Task statement: Omit the pictures, then write out every entry exactly as it reads.

Data extract:
────────────────
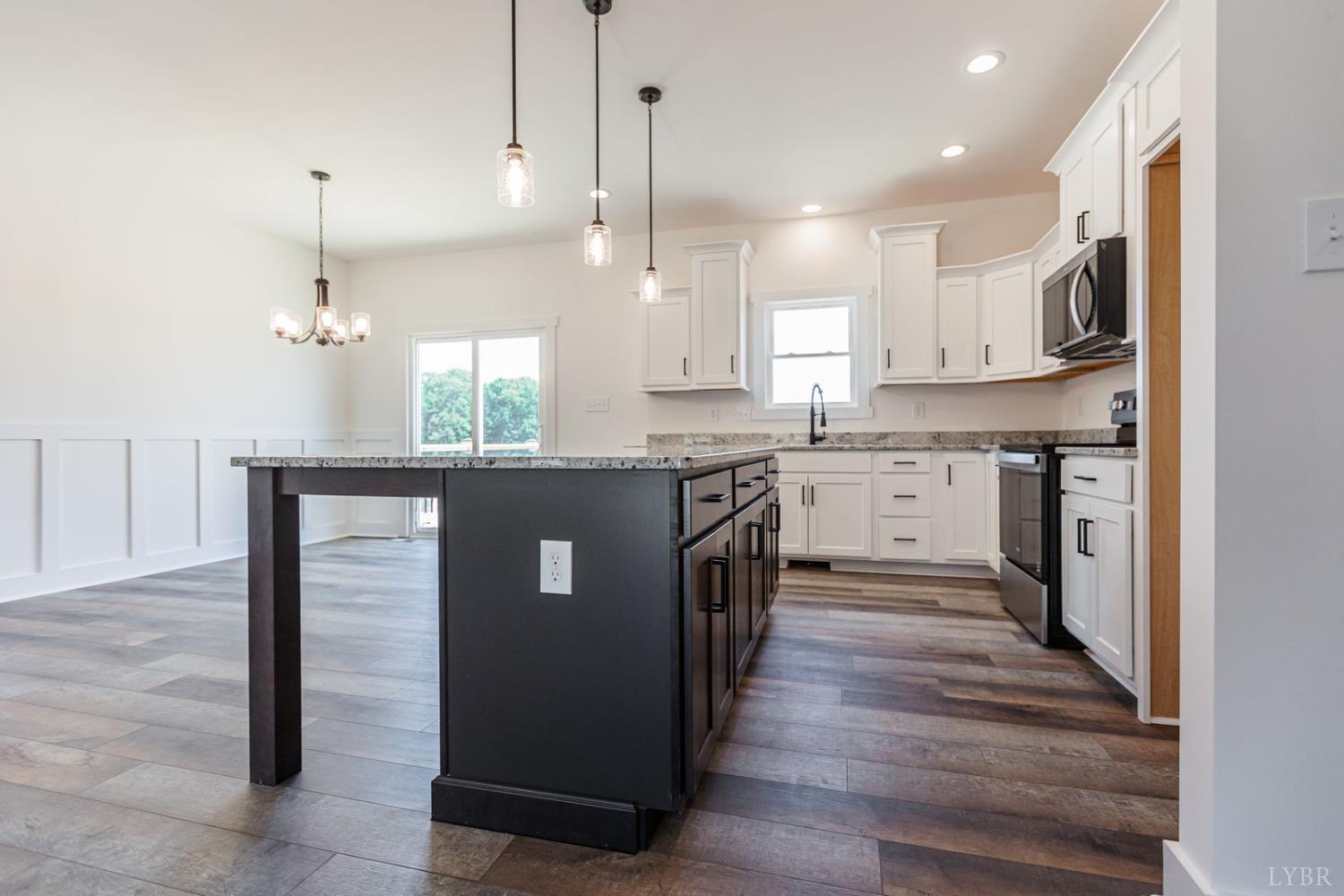 9740 Oakville Road Gladstone, VA 24553 - Photo 27 of 75 a kitchen with kitchen island a sink stainless steel appliances and cabinets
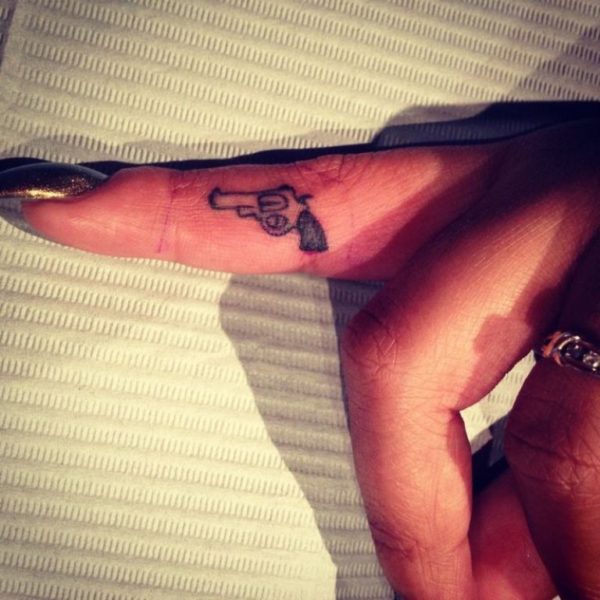 Gun Tattoo On Finger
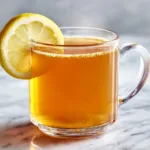 Bariatric gelatin recipe for weight loss in a clear glass mug with lemon slice on a light marble surface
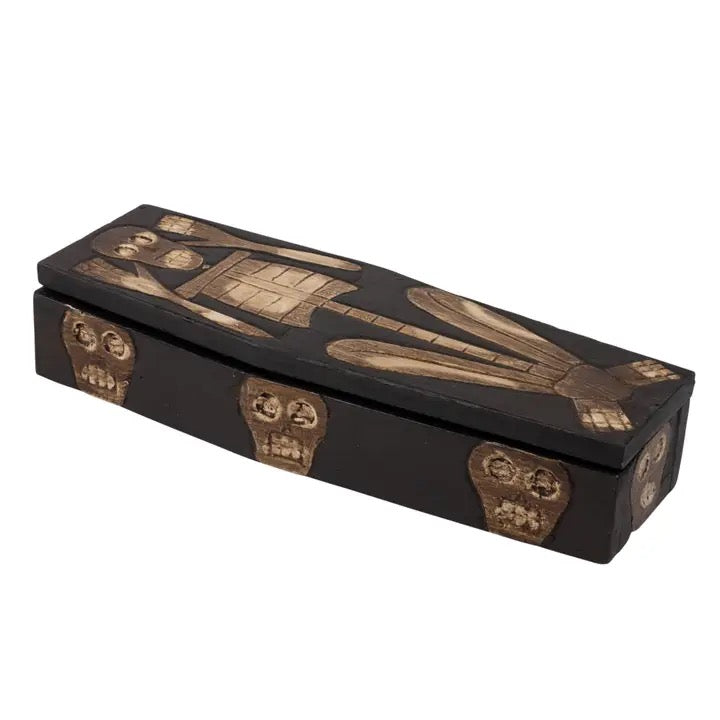 A coffin-shaped decorative box with a black finish and raised gold-toned Egyptian-style artwork, including a pharaoh and skull details, shown on a plain white background.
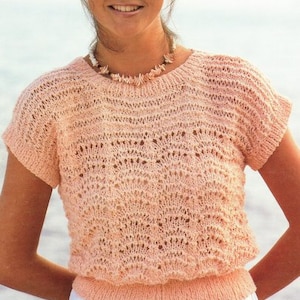 May include: A peach-coloured knitted top with a delicate openwork pattern and short sleeves. The top has a round neckline and a fitted silhouette.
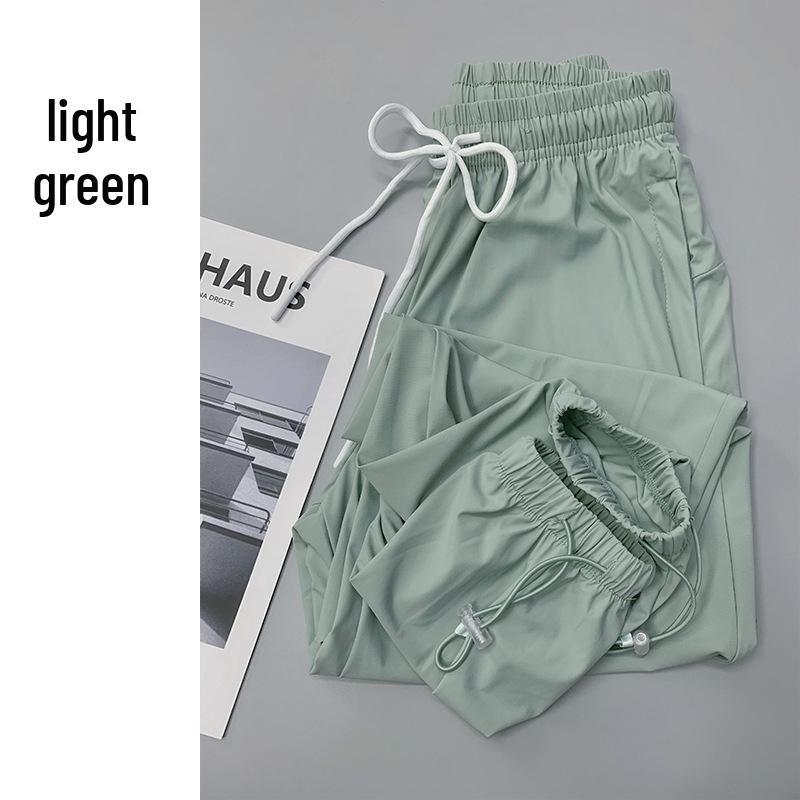 Women's Plus Size Ice Silk Quick-Dry Sports Pants - Breathable, Elastic & Perfect for Yoga and Running.
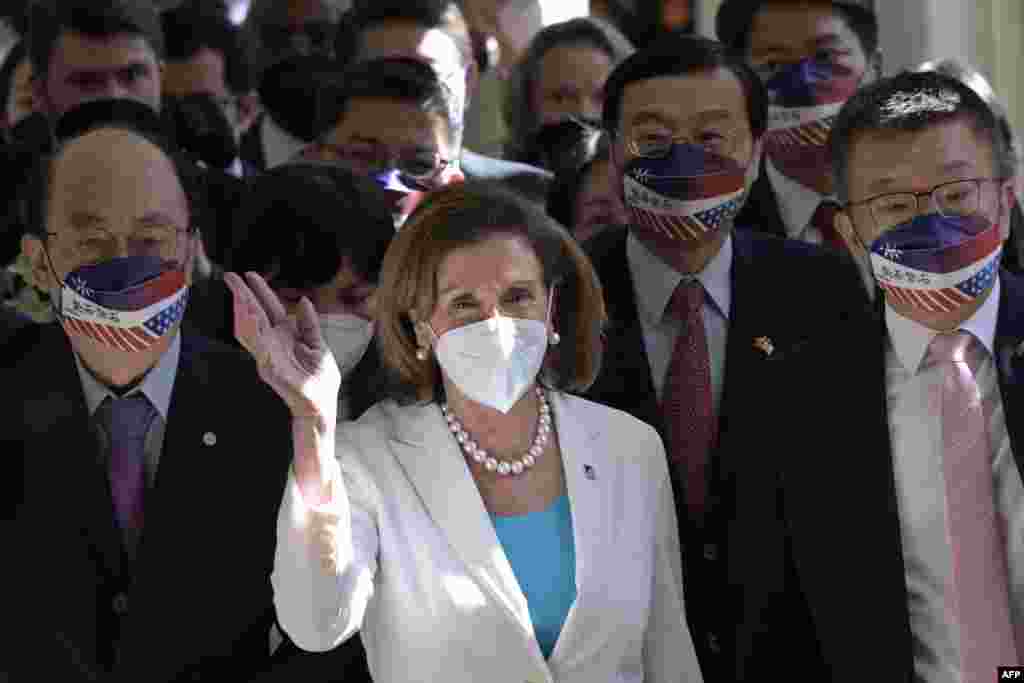 Visiting U.S. House Speaker Nancy Pelosi (C) waves to journalists during her arrival at the Parliament in Taipei, Taiwan.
────────────────
Exercise response:
 9740 Oakville Road Gladstone, VA 24553 - Photo 27 of 75 a kitchen with kitchen island a sink stainless steel appliances and cabinets
 Gun Tattoo On Finger
 Bariatric gelatin recipe for weight loss in a clear glass mug with lemon slice on a light marble surface
 A coffin-shaped decorative box with a black finish and raised gold-toned Egyptian-style artwork, including a pharaoh and skull details, shown on a plain white background.
 May include: A peach-coloured knitted top with a delicate openwork pattern and short sleeves. The top has a round neckline and a fitted silhouette.
 Women's Plus Size Ice Silk Quick-Dry Sports Pants - Breathable, Elastic & Perfect for Yoga and Running.
 Visiting U.S. House Speaker Nancy Pelosi (C) waves to journalists during her arrival at the Parliament in Taipei, Taiwan.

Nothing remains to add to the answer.